Exercise directions
Give the lines again exactly as they appear below, from the line with "Letter Tape Waist" to the line with "Tajine Grenade J-Line", both included, and only those lines. Leave every picture out.

Saved entries
○ ○ ○

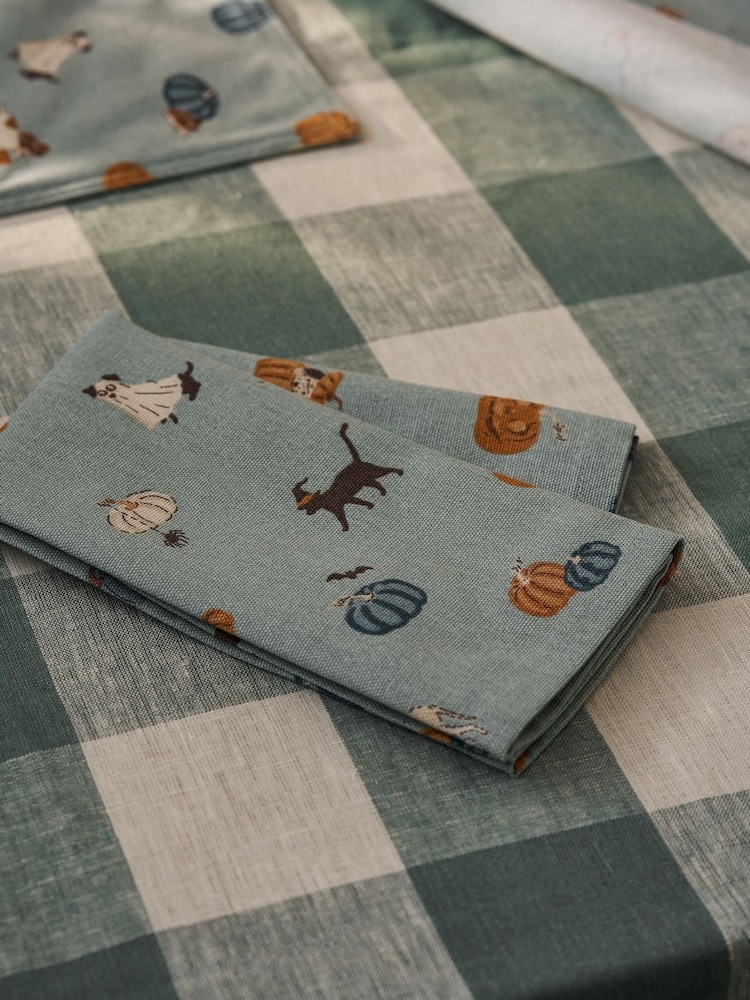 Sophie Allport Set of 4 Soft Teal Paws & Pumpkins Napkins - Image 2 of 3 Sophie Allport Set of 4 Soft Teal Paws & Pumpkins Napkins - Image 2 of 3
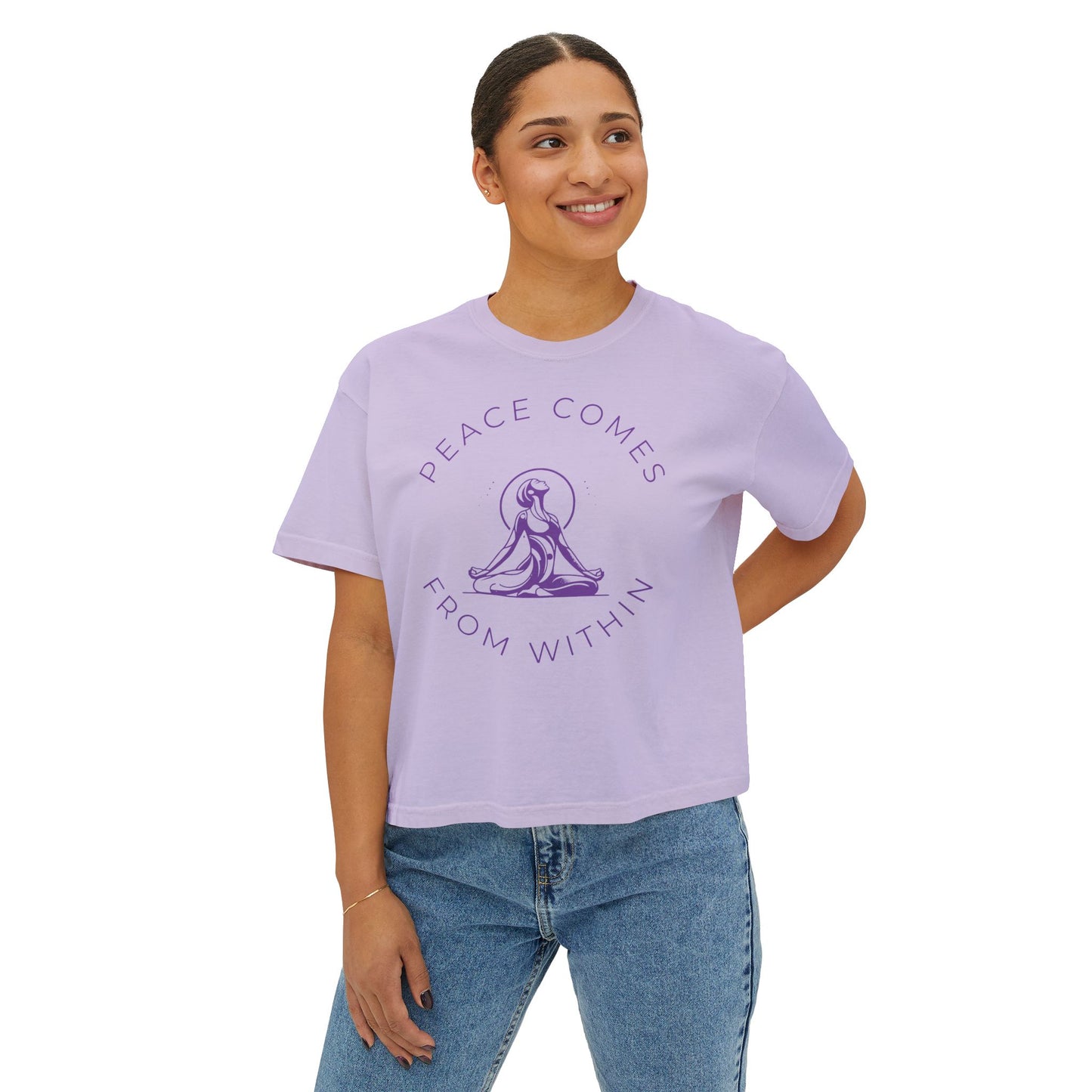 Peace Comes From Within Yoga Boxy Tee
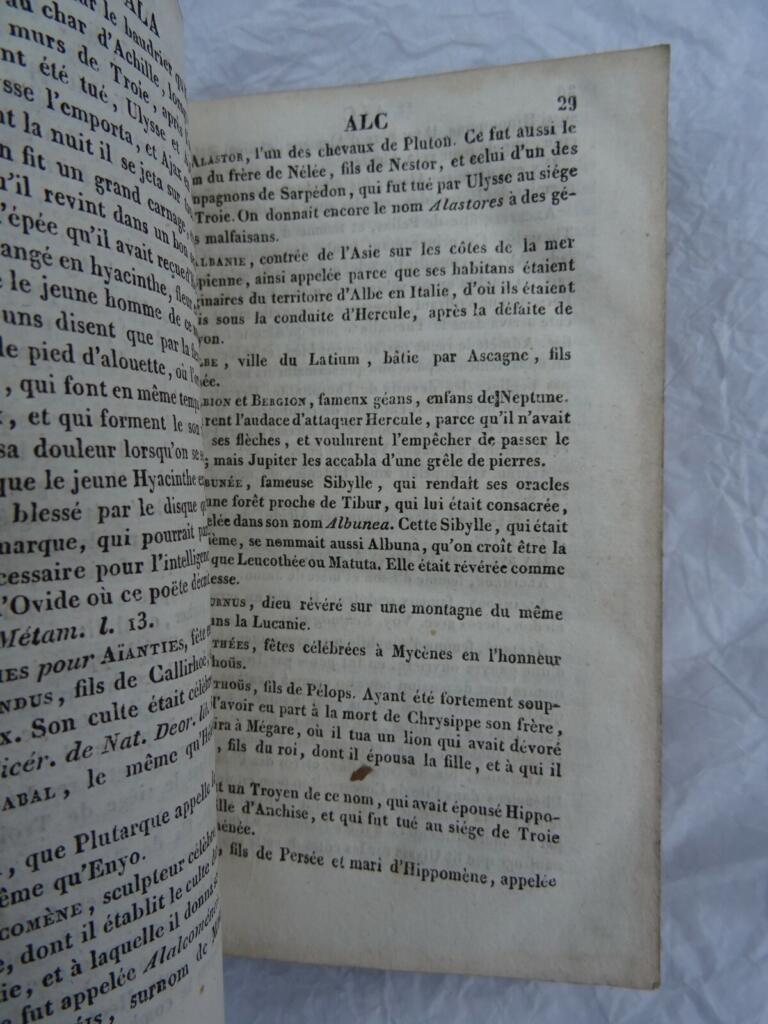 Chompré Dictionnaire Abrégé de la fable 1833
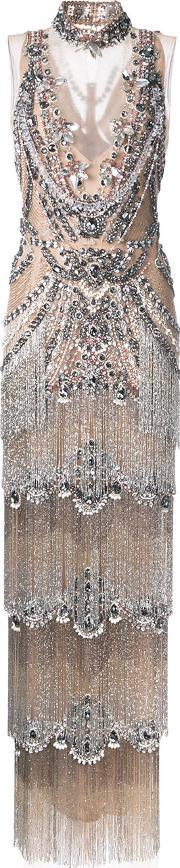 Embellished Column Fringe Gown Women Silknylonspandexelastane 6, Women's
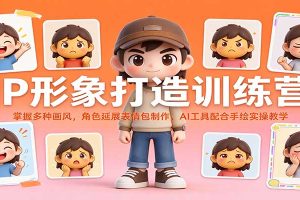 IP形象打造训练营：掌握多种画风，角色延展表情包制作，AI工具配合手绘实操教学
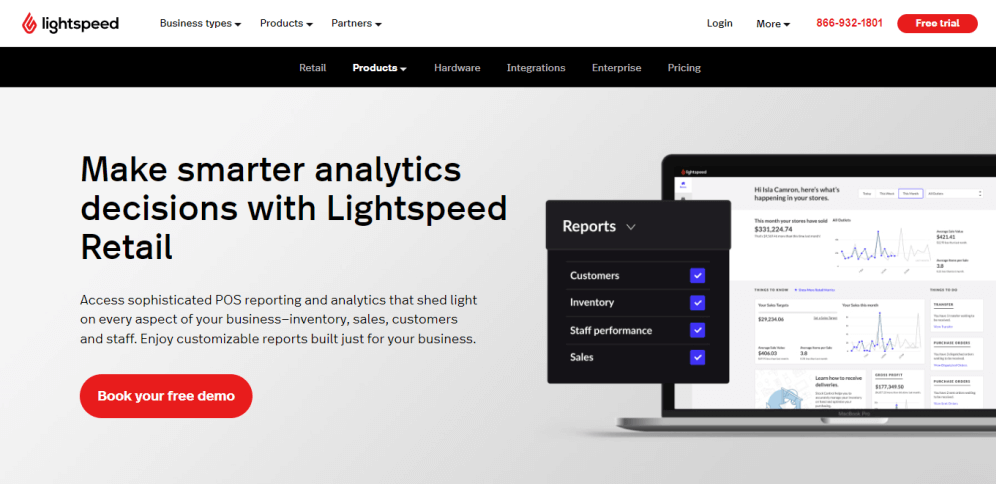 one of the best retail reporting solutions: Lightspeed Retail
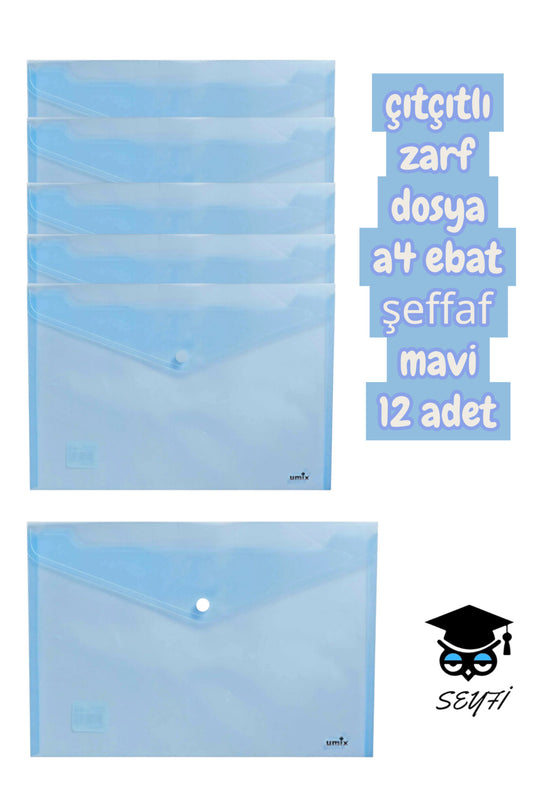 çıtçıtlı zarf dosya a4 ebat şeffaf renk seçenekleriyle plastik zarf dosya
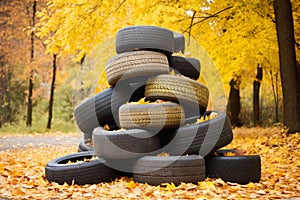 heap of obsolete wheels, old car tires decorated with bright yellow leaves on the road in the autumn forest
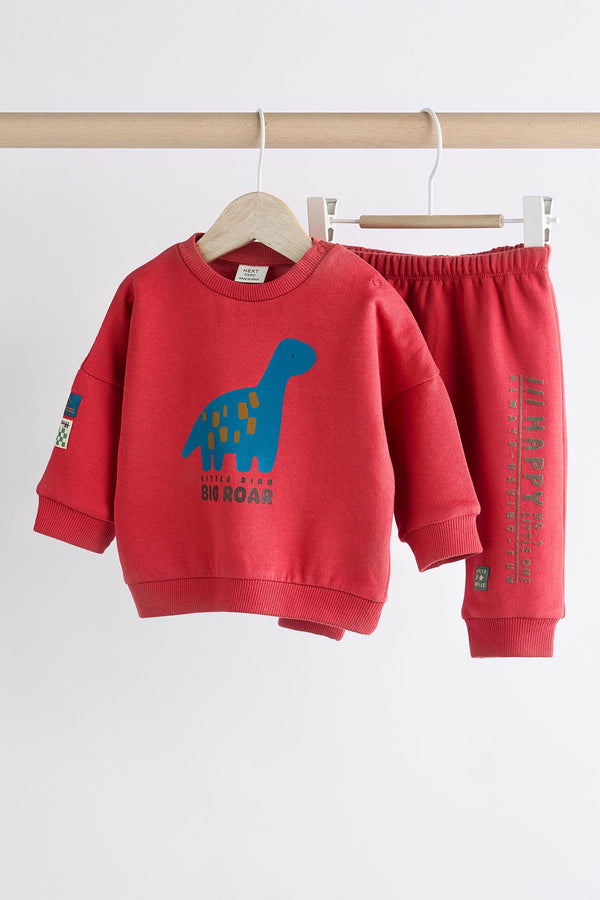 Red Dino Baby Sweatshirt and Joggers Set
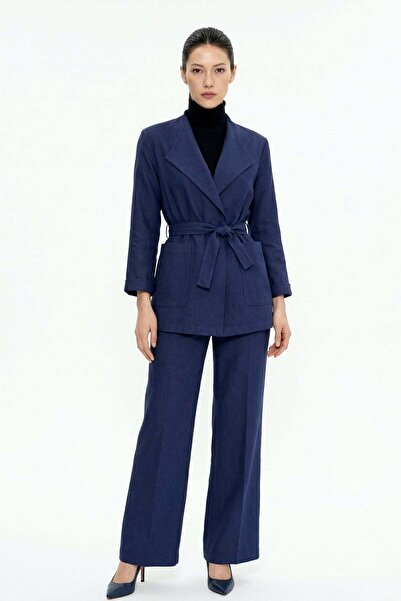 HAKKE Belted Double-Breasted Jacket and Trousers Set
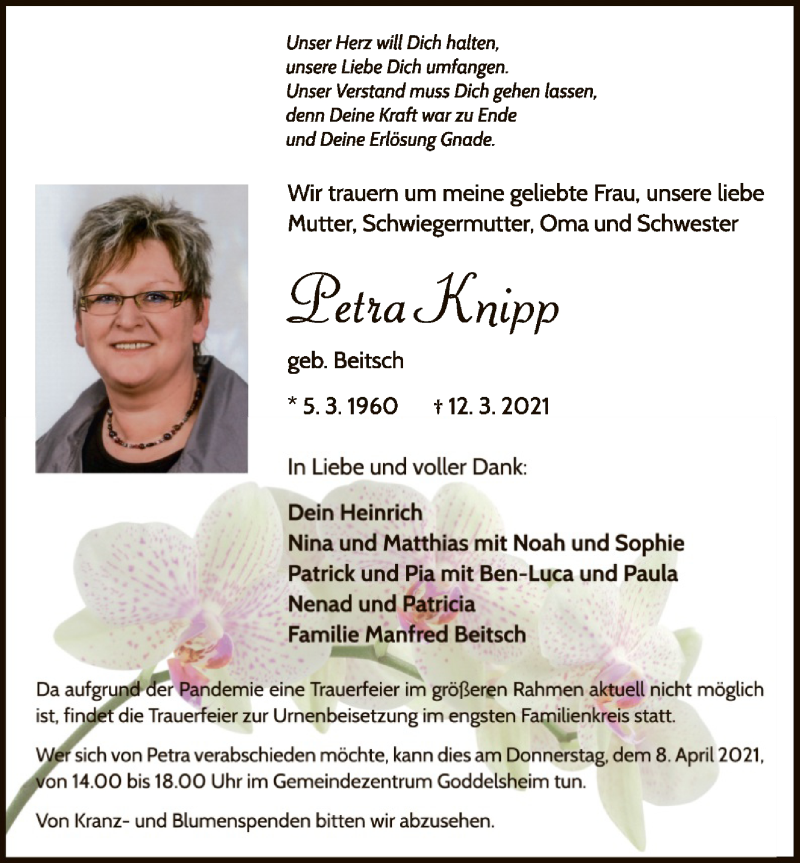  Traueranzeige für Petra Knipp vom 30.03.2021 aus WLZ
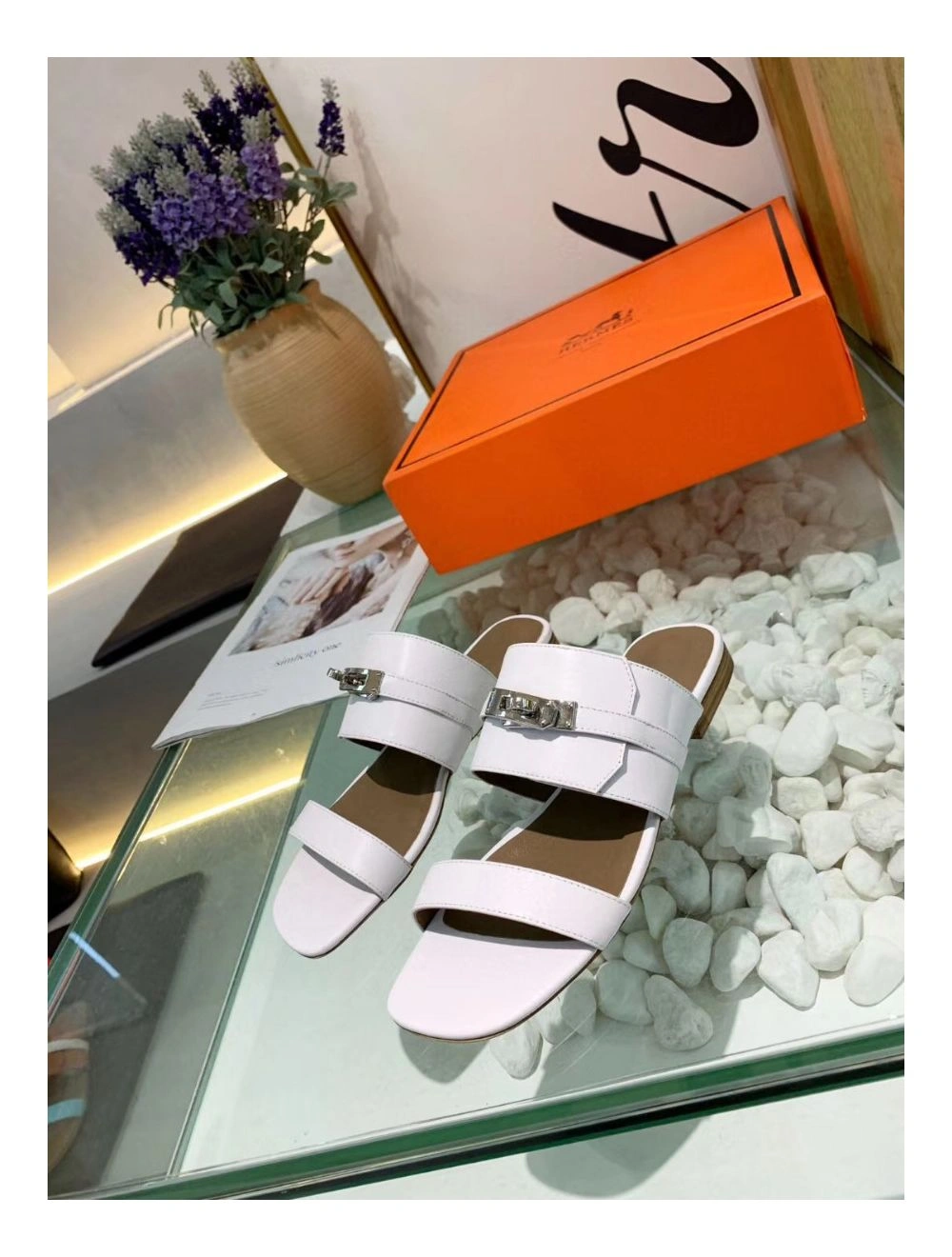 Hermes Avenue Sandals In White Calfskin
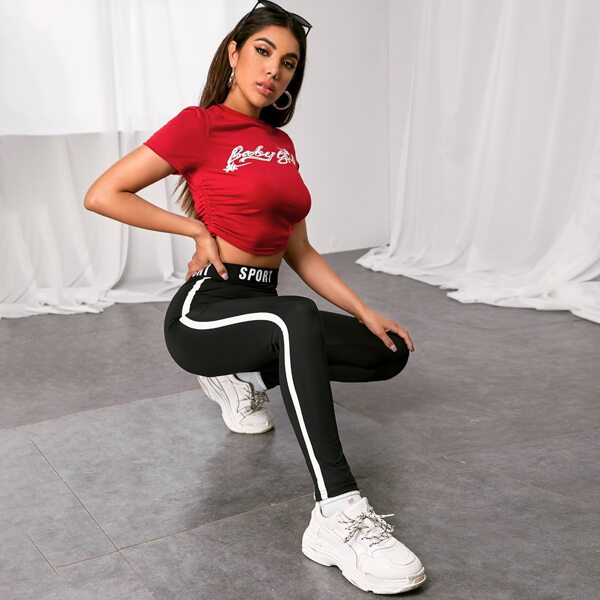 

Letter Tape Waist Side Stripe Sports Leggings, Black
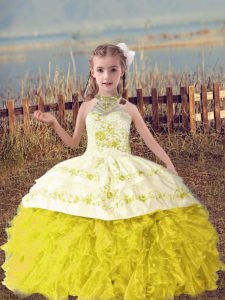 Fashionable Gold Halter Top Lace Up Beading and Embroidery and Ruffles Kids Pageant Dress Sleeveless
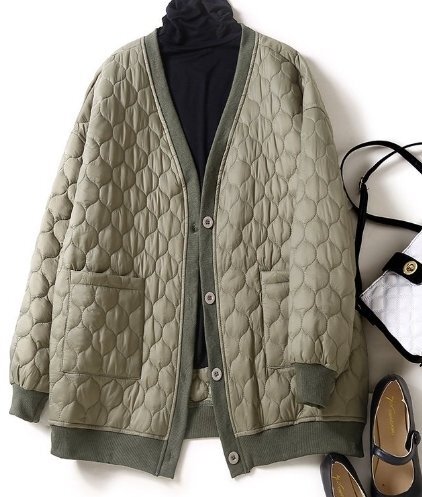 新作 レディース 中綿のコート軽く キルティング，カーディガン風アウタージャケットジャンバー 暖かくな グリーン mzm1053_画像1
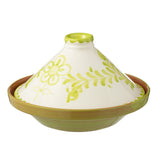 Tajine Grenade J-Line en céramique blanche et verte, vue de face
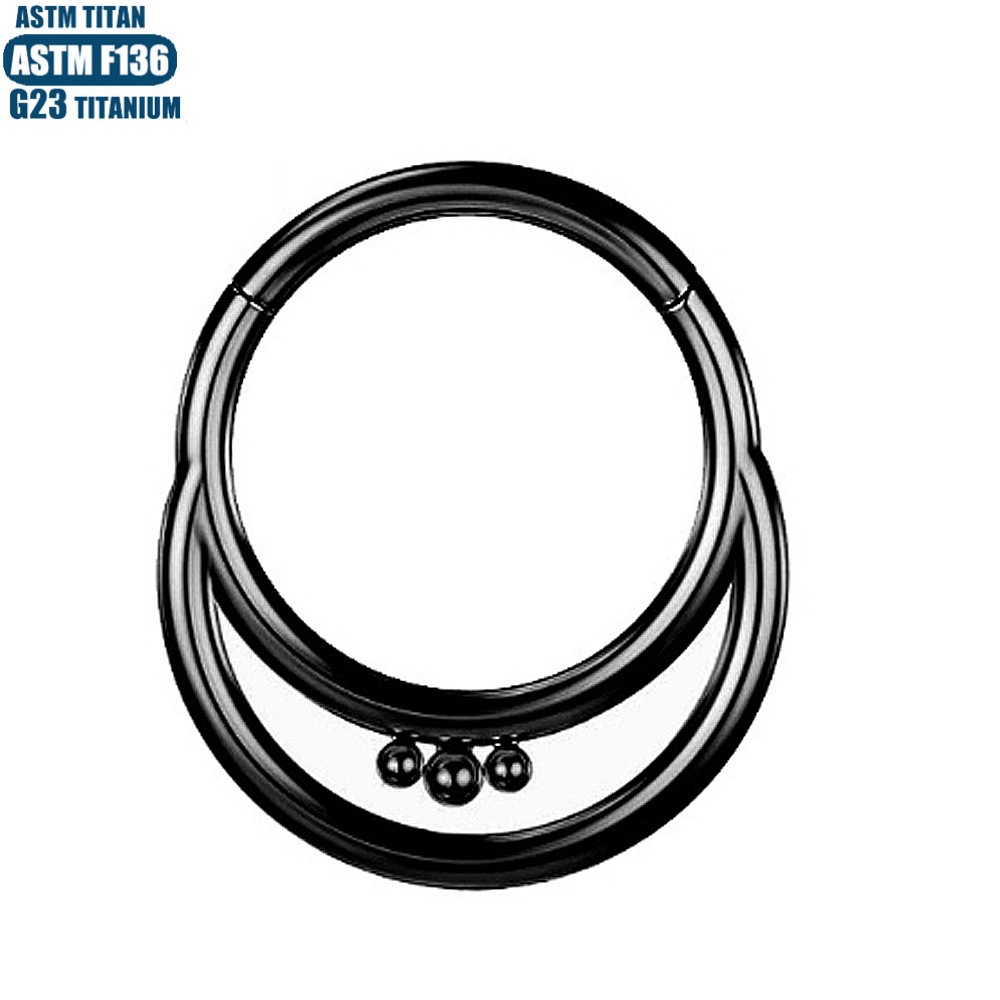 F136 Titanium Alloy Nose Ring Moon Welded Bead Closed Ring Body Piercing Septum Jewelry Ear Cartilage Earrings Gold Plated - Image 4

○ ○ ○

Exercise solution
Letter Tape Waist Side Stripe Sports Leggings, Black
 Fashionable Gold Halter Top Lace Up Beading and Embroidery and Ruffles Kids Pageant Dress Sleeveless
 新作 レディース 中綿のコート軽く キルティング，カーディガン風アウタージャケットジャンバー 暖かくな グリーン mzm1053_画像1
 Tajine Grenade J-Line en céramique blanche et verte, vue de face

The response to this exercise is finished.